Again, from an end user perspective, the gain in accuracy obtained by using simple linear regression vs a state of art GAN (general adversarial networks) might be non-existent or too little to justify investment of resources. Does the end user care if he’s being helped by AI or ML or advanced data analytics? What if we could quantify the gains for the end user instead.
We could borrow the idea of product maturity from the Autonomous Car research and classify an analytics product in levels:

  • Level Zero - No analytics: Think of these networking devices as just providing basic snmp/rest api support and you have to build all the tooling and logic around it yourself.
  • Level One - Basic Analytics support: With these networking devices, you get analytics support. You can drill down on traffic patterns, analyze typical issues and take corrective actions. Most of the network analytics dashboard in existence fall into this category.
  • Level Two – Partial Automation: These networking devices allow setting up of thresholds for admin notification, automation of service requests via precanned scripts and service platforms. E.g. a rule saying “Increase the bandwidth by 10% if the bandwidth threshold alarm is active for 10 minutes”. This level also allows for simpler forms of machine learning and could allow for rules like “if daily moving average of traffic rate exceeds the monthly moving average, then notify the admin”.
  • Level Three – Conditional Automation: This level takes a massive leap over level two in the sense that the system itself determines the parameters and thresholds for the networking device or the whole network. In this level, a networking device will decide on its own threshold and decide the extent of its own corrective actions. The template of action would still need human action. Using the same example as above, the system could “Increase the bandwidth by X% if a bandwidth threshold of Y mbps is breached for Z minutes”. The values of X, Y & Z will be learnt automatically by the system. 
  • Level Four – High Automation: This is the next automatic evolutionary step for stabilized level three systems. This allows for complete automation in controlled use cases and would be built over the abstraction of level three. E.g. if the latency between offices in Mumbai and San Jose increased, it would invoke Level 3 automatons to figure out the cause of slowness in traffic. It would even try to remedy some of them with human defined actions/notifications.
  • Level Five – Self Healing Networks: This would be the holy grail of networking products. The automation and machine learning would be sufficiently be advanced enough to not require any human intervention for most of network maintenance tasks. The whole network would behave as one distributed self-healing entity that not only heals itself but also optimizes itself for the best performance.

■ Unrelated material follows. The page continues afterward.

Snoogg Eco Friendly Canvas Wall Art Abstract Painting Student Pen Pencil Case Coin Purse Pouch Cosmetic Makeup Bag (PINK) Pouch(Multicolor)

Each level requires a lot of investment in infrastructure and research. Each level is a layer of onion that you can only get to after peeling the outer layer. Level One systems are industry standards. Lot of new analytics products are Level two (including Versa Analytics). And we are incredibly close to building a Level three analytics products.

Huge interest in machine learning, increase in the amount of generated data, decrease in the cost of compute & storage and the rise of cloud computing are fueling incredible leaps in domain specific usage of machine learning. We are on our way to produce something truly transformative.